STRANGER FACES, by Namwali Serpell. (Transit, paper, $15.95.) Serpell, the author of an acclaimed novel, “The Old Drift,” is also an accomplished literary scholar, as she demonstrates in these ingenious essays on various unusual visages — from the so-called Elephant Man to emojis — all dismantling the notion of what she calls the “Ideal Face.” The book is “wise, warm, witty and dizzyingly wide-ranging,” Becca Rothfeld writes, considering it with two other essay collections. “Her clear prose unknots a dense tangle of academic concepts along the way.”

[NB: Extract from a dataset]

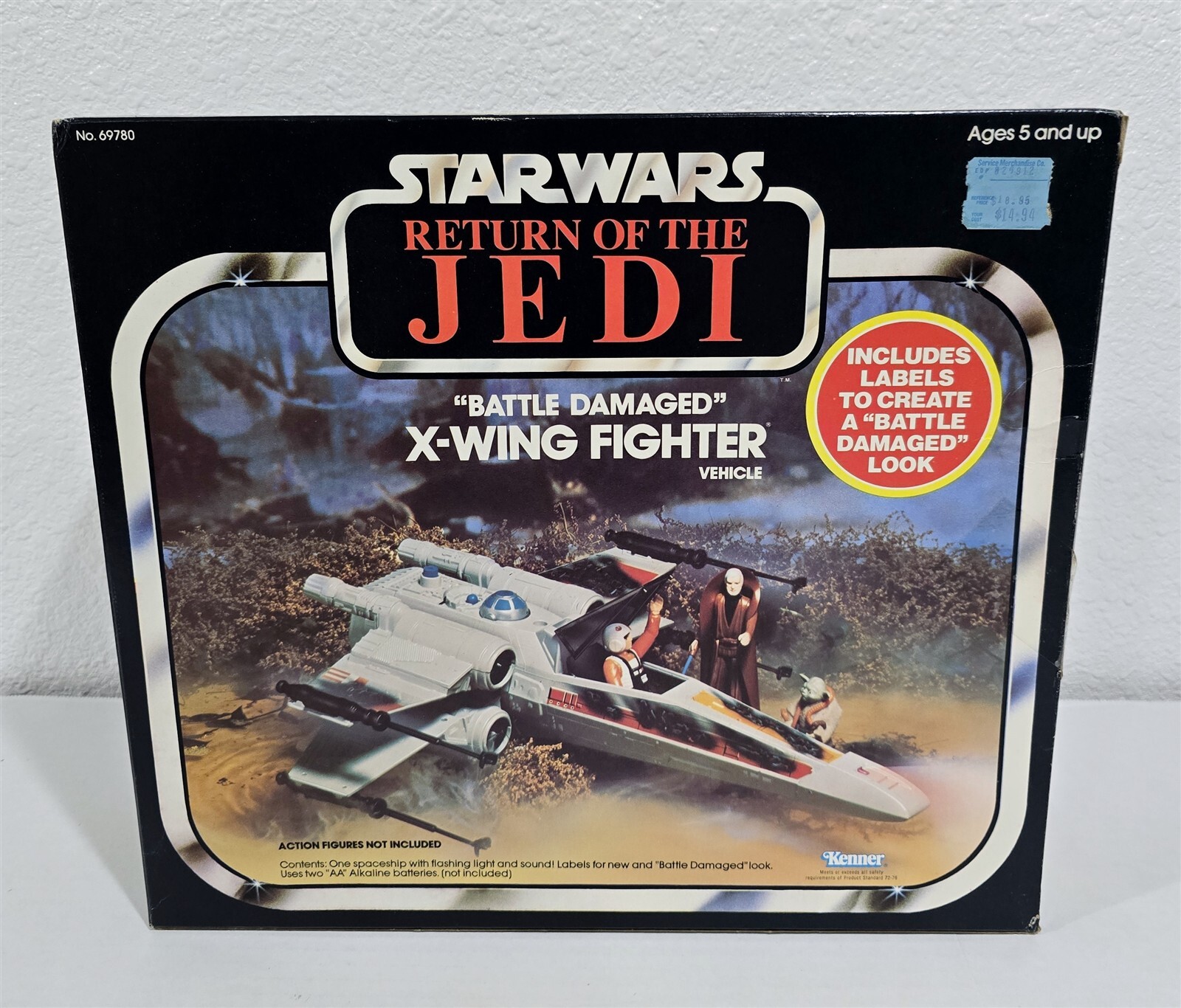 X-Wing Fighter (Battle Damaged) sold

THREE RINGS: A Tale of Exile, Narrative, and Fate, by Daniel Mendelsohn. (University of Virginia, $19.95.) Originally composed as a series of lectures, Mendelsohn’s latest book is a thrillingly inventive meditation on literary digression (or “ring composition”), incorporating sources from Homer to the Holocaust. “Mendelsohn is a trained classicist,” Becca Rothfeld points out in her review, “and as he notes, one of the ancient Greek words for ‘digression’ doubles as the language’s term for scholarly commentary. The critic is a digresser par excellence: His task is to wander away from a text in order to devise a richer route of return.”

SUPPOSE A SENTENCE, by Brian Dillon. (New York Review Books, paper, $17.95.) In each chapter of this elegant collection Dillon contemplates a sentence from a writer he admires: Thomas De Quincey, Elizabeth Hardwick, James Baldwin, even Shakespeare’s transcription of Hamlet’s deathbed moan. “Dillon’s affinities prove eclectic and unexpected,” Becca Rothfeld writes in her review of three essay collections. “He loves writers who craft sentences crooked with clauses. … ‘Suppose a Sentence’ has many rewards, but its greatest gift is its exuberant style.”